=== EXERCISE OBJECTIVE ===
Would you reproduce every line of the material exactly?
────
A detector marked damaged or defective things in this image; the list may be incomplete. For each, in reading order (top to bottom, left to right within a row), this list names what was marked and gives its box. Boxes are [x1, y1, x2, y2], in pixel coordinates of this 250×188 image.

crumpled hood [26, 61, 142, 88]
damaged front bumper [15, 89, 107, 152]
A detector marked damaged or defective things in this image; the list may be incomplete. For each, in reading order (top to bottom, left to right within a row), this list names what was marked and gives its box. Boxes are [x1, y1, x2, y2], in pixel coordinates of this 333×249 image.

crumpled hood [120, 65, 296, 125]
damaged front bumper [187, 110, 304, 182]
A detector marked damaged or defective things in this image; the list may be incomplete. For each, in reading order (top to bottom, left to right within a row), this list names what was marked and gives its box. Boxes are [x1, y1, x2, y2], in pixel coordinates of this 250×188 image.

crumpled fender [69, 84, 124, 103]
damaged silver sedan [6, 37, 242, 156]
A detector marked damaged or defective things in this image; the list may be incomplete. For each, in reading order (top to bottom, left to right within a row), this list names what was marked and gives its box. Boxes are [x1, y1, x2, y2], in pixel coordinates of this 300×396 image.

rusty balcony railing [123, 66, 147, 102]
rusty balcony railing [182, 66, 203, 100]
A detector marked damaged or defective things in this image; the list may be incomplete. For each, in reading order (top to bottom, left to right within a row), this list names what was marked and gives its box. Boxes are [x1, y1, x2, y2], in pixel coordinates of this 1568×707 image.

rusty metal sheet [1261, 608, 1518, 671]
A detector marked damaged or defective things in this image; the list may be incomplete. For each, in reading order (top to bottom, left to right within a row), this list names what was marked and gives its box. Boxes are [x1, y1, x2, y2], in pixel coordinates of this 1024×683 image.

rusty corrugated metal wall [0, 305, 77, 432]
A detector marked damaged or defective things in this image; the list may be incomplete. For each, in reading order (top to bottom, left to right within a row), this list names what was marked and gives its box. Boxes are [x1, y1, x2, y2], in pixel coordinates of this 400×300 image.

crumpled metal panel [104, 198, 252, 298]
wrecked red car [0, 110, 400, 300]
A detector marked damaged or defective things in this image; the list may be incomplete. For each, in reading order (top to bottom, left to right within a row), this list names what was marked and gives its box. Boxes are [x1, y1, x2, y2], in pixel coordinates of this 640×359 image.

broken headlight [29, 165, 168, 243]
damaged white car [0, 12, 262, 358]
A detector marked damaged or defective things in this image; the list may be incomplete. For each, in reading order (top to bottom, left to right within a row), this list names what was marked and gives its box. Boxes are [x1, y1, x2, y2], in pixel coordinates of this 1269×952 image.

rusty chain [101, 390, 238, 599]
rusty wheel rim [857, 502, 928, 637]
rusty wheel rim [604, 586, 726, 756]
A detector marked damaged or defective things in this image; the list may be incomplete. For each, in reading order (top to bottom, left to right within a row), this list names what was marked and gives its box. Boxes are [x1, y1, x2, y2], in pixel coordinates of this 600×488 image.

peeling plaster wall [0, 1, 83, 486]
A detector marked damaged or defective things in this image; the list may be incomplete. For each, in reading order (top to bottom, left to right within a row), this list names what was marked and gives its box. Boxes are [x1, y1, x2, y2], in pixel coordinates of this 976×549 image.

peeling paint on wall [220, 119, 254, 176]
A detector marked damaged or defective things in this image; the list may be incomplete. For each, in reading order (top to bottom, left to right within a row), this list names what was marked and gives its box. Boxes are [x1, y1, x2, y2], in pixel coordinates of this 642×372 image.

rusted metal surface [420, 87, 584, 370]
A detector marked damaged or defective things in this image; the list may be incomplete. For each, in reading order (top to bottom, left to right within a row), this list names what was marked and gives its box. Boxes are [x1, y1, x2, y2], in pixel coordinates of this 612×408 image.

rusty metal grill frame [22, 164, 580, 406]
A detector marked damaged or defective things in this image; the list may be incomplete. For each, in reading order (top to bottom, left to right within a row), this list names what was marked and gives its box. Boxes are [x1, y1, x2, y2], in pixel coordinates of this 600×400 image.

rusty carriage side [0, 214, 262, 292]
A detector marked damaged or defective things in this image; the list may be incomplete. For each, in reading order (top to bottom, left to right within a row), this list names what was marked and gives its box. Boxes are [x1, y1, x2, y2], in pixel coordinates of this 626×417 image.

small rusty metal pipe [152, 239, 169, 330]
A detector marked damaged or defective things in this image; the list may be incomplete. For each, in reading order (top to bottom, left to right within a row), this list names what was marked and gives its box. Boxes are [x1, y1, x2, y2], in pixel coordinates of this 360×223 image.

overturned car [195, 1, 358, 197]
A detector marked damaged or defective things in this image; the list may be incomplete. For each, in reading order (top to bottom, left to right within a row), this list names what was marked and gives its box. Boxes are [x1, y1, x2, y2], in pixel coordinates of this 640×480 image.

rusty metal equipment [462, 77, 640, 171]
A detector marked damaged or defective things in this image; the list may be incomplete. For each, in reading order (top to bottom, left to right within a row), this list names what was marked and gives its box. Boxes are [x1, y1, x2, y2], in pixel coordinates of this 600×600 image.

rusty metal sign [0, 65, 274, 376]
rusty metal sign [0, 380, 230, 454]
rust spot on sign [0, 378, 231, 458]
────
=== SOLUTION TO THIS TASK ===
A detector marked damaged or defective things in this image; the list may be incomplete. For each, in reading order (top to bottom, left to right within a row), this list names what was marked and gives its box. Boxes are [x1, y1, x2, y2], in pixel coordinates of this 250×188 image.

crumpled hood [26, 61, 142, 88]
damaged front bumper [15, 89, 107, 152]
A detector marked damaged or defective things in this image; the list may be incomplete. For each, in reading order (top to bottom, left to right within a row), this list names what was marked and gives its box. Boxes are [x1, y1, x2, y2], in pixel coordinates of this 333×249 image.

crumpled hood [120, 65, 296, 125]
damaged front bumper [187, 110, 304, 182]
A detector marked damaged or defective things in this image; the list may be incomplete. For each, in reading order (top to bottom, left to right within a row), this list names what was marked and gives its box. Boxes are [x1, y1, x2, y2], in pixel coordinates of this 250×188 image.

crumpled fender [69, 84, 124, 103]
damaged silver sedan [6, 37, 242, 156]
A detector marked damaged or defective things in this image; the list may be incomplete. For each, in reading order (top to bottom, left to right within a row), this list names what was marked and gives its box. Boxes are [x1, y1, x2, y2], in pixel coordinates of this 300×396 image.

rusty balcony railing [123, 66, 147, 102]
rusty balcony railing [182, 66, 203, 100]
A detector marked damaged or defective things in this image; the list may be incomplete. For each, in reading order (top to bottom, left to right within a row), this list names what was marked and gives its box. Boxes are [x1, y1, x2, y2], in pixel coordinates of this 1568×707 image.

rusty metal sheet [1261, 608, 1518, 671]
A detector marked damaged or defective things in this image; the list may be incomplete. For each, in reading order (top to bottom, left to right within a row), this list names what was marked and gives its box. Boxes are [x1, y1, x2, y2], in pixel coordinates of this 1024×683 image.

rusty corrugated metal wall [0, 305, 77, 432]
A detector marked damaged or defective things in this image; the list may be incomplete. For each, in reading order (top to bottom, left to right within a row), this list names what was marked and gives its box. Boxes are [x1, y1, x2, y2], in pixel coordinates of this 400×300 image.

crumpled metal panel [104, 198, 252, 298]
wrecked red car [0, 110, 400, 300]
A detector marked damaged or defective things in this image; the list may be incomplete. For each, in reading order (top to bottom, left to right within a row), this list names what was marked and gives its box. Boxes are [x1, y1, x2, y2], in pixel coordinates of this 640×359 image.

broken headlight [29, 165, 168, 243]
damaged white car [0, 12, 262, 358]
A detector marked damaged or defective things in this image; the list may be incomplete. For each, in reading order (top to bottom, left to right within a row), this list names what was marked and gives its box. Boxes are [x1, y1, x2, y2], in pixel coordinates of this 1269×952 image.

rusty chain [101, 390, 238, 599]
rusty wheel rim [857, 502, 928, 637]
rusty wheel rim [604, 586, 726, 756]
A detector marked damaged or defective things in this image; the list may be incomplete. For each, in reading order (top to bottom, left to right within a row), this list names what was marked and gives its box. Boxes are [x1, y1, x2, y2], in pixel coordinates of this 600×488 image.

peeling plaster wall [0, 1, 83, 486]
A detector marked damaged or defective things in this image; the list may be incomplete. For each, in reading order (top to bottom, left to right within a row), this list names what was marked and gives its box. Boxes are [x1, y1, x2, y2], in pixel coordinates of this 976×549 image.

peeling paint on wall [220, 119, 254, 176]
A detector marked damaged or defective things in this image; the list may be incomplete. For each, in reading order (top to bottom, left to right within a row), this list names what was marked and gives its box. Boxes are [x1, y1, x2, y2], in pixel coordinates of this 642×372 image.

rusted metal surface [420, 87, 584, 370]
A detector marked damaged or defective things in this image; the list may be incomplete. For each, in reading order (top to bottom, left to right within a row), this list names what was marked and gives its box. Boxes are [x1, y1, x2, y2], in pixel coordinates of this 612×408 image.

rusty metal grill frame [22, 164, 580, 406]
A detector marked damaged or defective things in this image; the list may be incomplete. For each, in reading order (top to bottom, left to right within a row), this list names what was marked and gives its box. Boxes are [x1, y1, x2, y2], in pixel coordinates of this 600×400 image.

rusty carriage side [0, 214, 262, 292]
A detector marked damaged or defective things in this image; the list may be incomplete. For each, in reading order (top to bottom, left to right within a row), this list names what was marked and gives its box. Boxes are [x1, y1, x2, y2], in pixel coordinates of this 626×417 image.

small rusty metal pipe [152, 239, 169, 330]
A detector marked damaged or defective things in this image; the list may be incomplete. For each, in reading order (top to bottom, left to right within a row), this list names what was marked and gives its box. Boxes are [x1, y1, x2, y2], in pixel coordinates of this 360×223 image.

overturned car [195, 1, 358, 197]
A detector marked damaged or defective things in this image; the list may be incomplete. For each, in reading order (top to bottom, left to right within a row), this list names what was marked and gives its box. Boxes are [x1, y1, x2, y2], in pixel coordinates of this 640×480 image.

rusty metal equipment [462, 77, 640, 171]
A detector marked damaged or defective things in this image; the list may be incomplete. For each, in reading order (top to bottom, left to right within a row), this list names what was marked and gives its box. Boxes are [x1, y1, x2, y2], in pixel coordinates of this 600×600 image.

rusty metal sign [0, 65, 274, 376]
rusty metal sign [0, 380, 230, 454]
rust spot on sign [0, 378, 231, 458]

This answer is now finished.